— Problem to solve —
Exactly those lines that run from the one containing "MERCEDES-BENZ GLB 200" through the last line of the entries below should be printed, and no others.

Top of Data for processing

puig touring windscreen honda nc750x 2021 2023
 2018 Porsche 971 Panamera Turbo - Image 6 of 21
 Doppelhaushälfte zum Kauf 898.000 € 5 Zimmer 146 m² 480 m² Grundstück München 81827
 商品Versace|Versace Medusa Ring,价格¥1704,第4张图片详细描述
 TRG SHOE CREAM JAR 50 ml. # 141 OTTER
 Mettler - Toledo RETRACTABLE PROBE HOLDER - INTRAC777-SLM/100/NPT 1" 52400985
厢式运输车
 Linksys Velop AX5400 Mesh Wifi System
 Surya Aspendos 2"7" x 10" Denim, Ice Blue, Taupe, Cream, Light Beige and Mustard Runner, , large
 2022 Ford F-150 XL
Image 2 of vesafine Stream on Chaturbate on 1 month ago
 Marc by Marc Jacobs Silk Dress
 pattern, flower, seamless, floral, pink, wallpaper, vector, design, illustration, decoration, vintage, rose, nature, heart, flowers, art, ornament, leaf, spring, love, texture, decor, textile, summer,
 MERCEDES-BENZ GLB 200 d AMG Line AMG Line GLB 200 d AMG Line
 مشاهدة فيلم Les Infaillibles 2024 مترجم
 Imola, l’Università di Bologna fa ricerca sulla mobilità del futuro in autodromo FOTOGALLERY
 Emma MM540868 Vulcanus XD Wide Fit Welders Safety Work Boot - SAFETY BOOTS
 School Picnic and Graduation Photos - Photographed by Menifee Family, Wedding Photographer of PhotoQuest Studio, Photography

Bottom of Data for processing

— Response to the exercise —
 MERCEDES-BENZ GLB 200 d AMG Line AMG Line GLB 200 d AMG Line
 مشاهدة فيلم Les Infaillibles 2024 مترجم
 Imola, l’Università di Bologna fa ricerca sulla mobilità del futuro in autodromo FOTOGALLERY
 Emma MM540868 Vulcanus XD Wide Fit Welders Safety Work Boot - SAFETY BOOTS
 School Picnic and Graduation Photos - Photographed by Menifee Family, Wedding Photographer of PhotoQuest Studio, Photography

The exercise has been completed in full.